毛利:経営者の多くが女性活用を、これからの企業発展に直結すると考えています。日本のためにも理工系女子学生がぜひ増加してほしいですね。
松田:本学の女子入学者の割合は約14%で、少ない状況です。この状況を打開するため、2025年度入試から、総合型選抜で女子を対象とする「女子枠」を新設しました。将来的に女子学生30%を目指し、多くの女性技術者や研究者を世に送り出したいと思っています。
毛利:学生たちの親御さんにとって、最も心配なのは就職先です。北海道であれば次世代半導体の製造を目指すラピダス社の工場建設が進み、道内の産業構造は大きく変わると思います。男女を問わず仕事も増えていくでしょう。
松田:近年、学生たちには大学院への進学を勧めるようにしています。

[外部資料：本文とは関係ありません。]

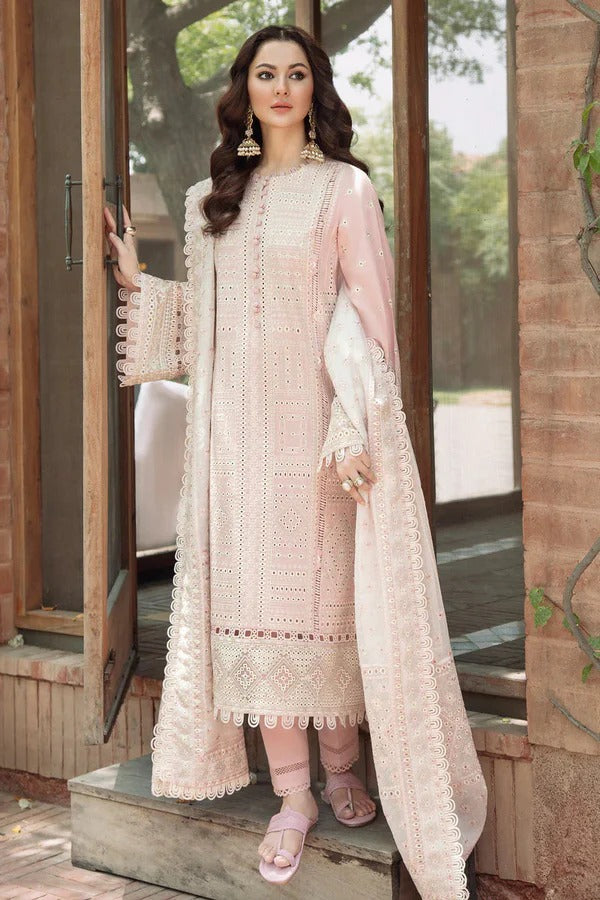 Embroidered Lawn 3-Piece Suit with Organza Dupatta – ZB1382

大学院は、大企業への就職など学部卒を上回る就職率の実績があり、学生の将来の可能性を広げることができます。大学院博士前期課程への進学率50%以上を目指しています。
毛利:大切なことですね。半導体産業分野で日本が世界に存在感を示すなら、学部卒の知識や経験では足りません。日本の企業を支えるために、今や大学院進学は必須ですし、就職にも有利ですね。
松田:これからの時代、専門分野だけでなく、数理・データサイエンス・AIなどの素養をもつ人材も求められるため、理工系専門分野のカリキュラムに加え、全学必修の情報教育も行っています。「専門」×「情報」という掛け算で知見や発想が増えていきます。
毛利:生成AIはとても便利で、大学の課題などで自分が考える程度の文章は簡単に作れます。しかしあくまで道具の一つなので、AIで自分に何ができるのか、自身の存在意義を考える場が大学だと思います。
松田:いつも学生たちには、社会に出たときに自分に何ができるかを意識しながら学んでほしいと伝えています。2019年に工学部から理工学部に改組して以降、「ものづくり」に加えて「価値づくり」にも力を入れています。本学は「真なる探究心から未来の価値づくりを。」をキャッチコピーに掲げました。5年、10年先の社会に向けて、社会課題解決につながる探究心を育み、産業の芽を興せるような高度理工系人材の育成に取り組んでいきたいです。
毛利:モノがない時代ならモノが欲しくなりますし、充足すると今度は違う価値が欲しくなります。社会が評価した価値こそが、社会が未来に生き延びるための価値だといえます。地域社会と地球社会どちらも大切です。受験生を含む若い世代の皆さんには、自分の住む地域と人類社会が生き延びるための価値づくりにぜひ挑戦してほしいです。室蘭工業大学には自分を試す面白い学びがたくさんありますね。
松田:室蘭工業大学全体に「価値づくり」が浸透するように、柔軟に迅速に変革を進めていきます。